So, when the extension is not an .HTML like exention or an explicit non-HTML
exention (.ZIP, .PDF, .PNG ...), we look whether the file contain some .HTML tag. We chose <HTML> and </HTML> as the test criterion, although this is not bullet proof:
- some binary file might contain those tags, and still conaint only binary data
- some web pages do not contain <HTML> and </HTML> (only <BODY>, or even only the text with some text tags and some anchors
- "extract the anchor tags" if the page is a declared or detected .HTML page, we parse the content and build the anchor tag list
- "filter the tags" : this is the filtering stage. Here we can
- eliminate unwanted extensions (.WAV ...)
- eliminate some links based on textual patterns (no URL containing "resume", or "photo gallery" etc
- eliminate links which do not contain the same domain as the initially requested page
- "select the next URL" : this step will determine the dowload order. If we download all files up to the end, the download order has no importance whatsoever. But if we might abort the process after some time (bug,
overflooding, timeout ...), then it is obviously better to first download the "best" pages. The ranking function obviously depends on the user needs. In our case
- we usually first donwload the non-HTML files (the .PDD, .ZIP etc)
- then we donwload the .HTML pages
- first the sub pages
- then the parent pages, gradually moving from the current path to the site root
This can be presented in the following figure.
- In Red the unwanted pages (.MOV) and in blue the non-HTML pages (.PDF):
- we download the target page:
- then the non HTML pages:
- and the sub pages:
- and we gradually fetch the parent pages:
and
So we fixed the broad lines (first the non-HTML, then the sub pages, then the parent pages), and you still have full source code to change this. To add some more flexibility, we added two hooks:
- a customizable filtering callback where one can add some condition to remove some pages
- a customizable next page selection procedure
We also added very limited GUI selection with checkboxes. The user can select:
- the page level (parent, the page itself, child pages)

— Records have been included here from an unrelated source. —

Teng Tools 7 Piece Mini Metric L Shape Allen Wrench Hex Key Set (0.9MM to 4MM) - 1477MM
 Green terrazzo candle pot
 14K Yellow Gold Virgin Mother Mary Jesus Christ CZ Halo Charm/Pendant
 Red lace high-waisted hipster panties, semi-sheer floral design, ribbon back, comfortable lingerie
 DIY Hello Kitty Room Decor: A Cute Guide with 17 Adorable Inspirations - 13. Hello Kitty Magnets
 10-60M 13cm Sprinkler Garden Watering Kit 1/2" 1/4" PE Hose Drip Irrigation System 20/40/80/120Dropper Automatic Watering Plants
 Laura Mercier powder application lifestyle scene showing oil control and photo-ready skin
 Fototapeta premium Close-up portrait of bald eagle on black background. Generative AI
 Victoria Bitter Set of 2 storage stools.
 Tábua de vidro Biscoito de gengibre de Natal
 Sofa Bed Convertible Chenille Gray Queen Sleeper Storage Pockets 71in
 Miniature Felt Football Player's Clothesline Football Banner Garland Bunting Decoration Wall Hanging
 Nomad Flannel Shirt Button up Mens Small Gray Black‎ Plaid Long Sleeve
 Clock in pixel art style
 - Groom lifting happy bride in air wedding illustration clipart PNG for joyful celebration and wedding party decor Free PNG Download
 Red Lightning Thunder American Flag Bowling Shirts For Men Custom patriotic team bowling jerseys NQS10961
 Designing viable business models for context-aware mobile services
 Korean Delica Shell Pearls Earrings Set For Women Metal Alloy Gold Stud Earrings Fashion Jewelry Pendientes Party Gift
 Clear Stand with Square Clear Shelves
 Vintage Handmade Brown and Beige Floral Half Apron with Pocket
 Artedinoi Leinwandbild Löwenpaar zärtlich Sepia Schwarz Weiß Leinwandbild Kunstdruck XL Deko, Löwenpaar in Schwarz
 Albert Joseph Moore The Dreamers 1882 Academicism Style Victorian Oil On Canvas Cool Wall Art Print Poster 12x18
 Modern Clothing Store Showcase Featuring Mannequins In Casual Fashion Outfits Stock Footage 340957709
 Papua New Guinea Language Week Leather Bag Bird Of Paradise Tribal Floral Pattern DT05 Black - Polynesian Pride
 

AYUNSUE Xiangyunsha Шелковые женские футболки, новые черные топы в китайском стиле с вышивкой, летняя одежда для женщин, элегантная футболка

- the type of pages (none, all, only .HTML-like, image, zip and .PDF like)
3 - The Delphi full Source code
3.1 - The Overall organization The spider is directly derived from the downloader. The structure and operation of the downloader has been presented in the Web Downloader paper at great length.
The spider only introduces filtering and page ordering functionalities. So we simply derived the c_site_spider from the c_spider, adding the needed attributes and methods. The main form was also slightly changed.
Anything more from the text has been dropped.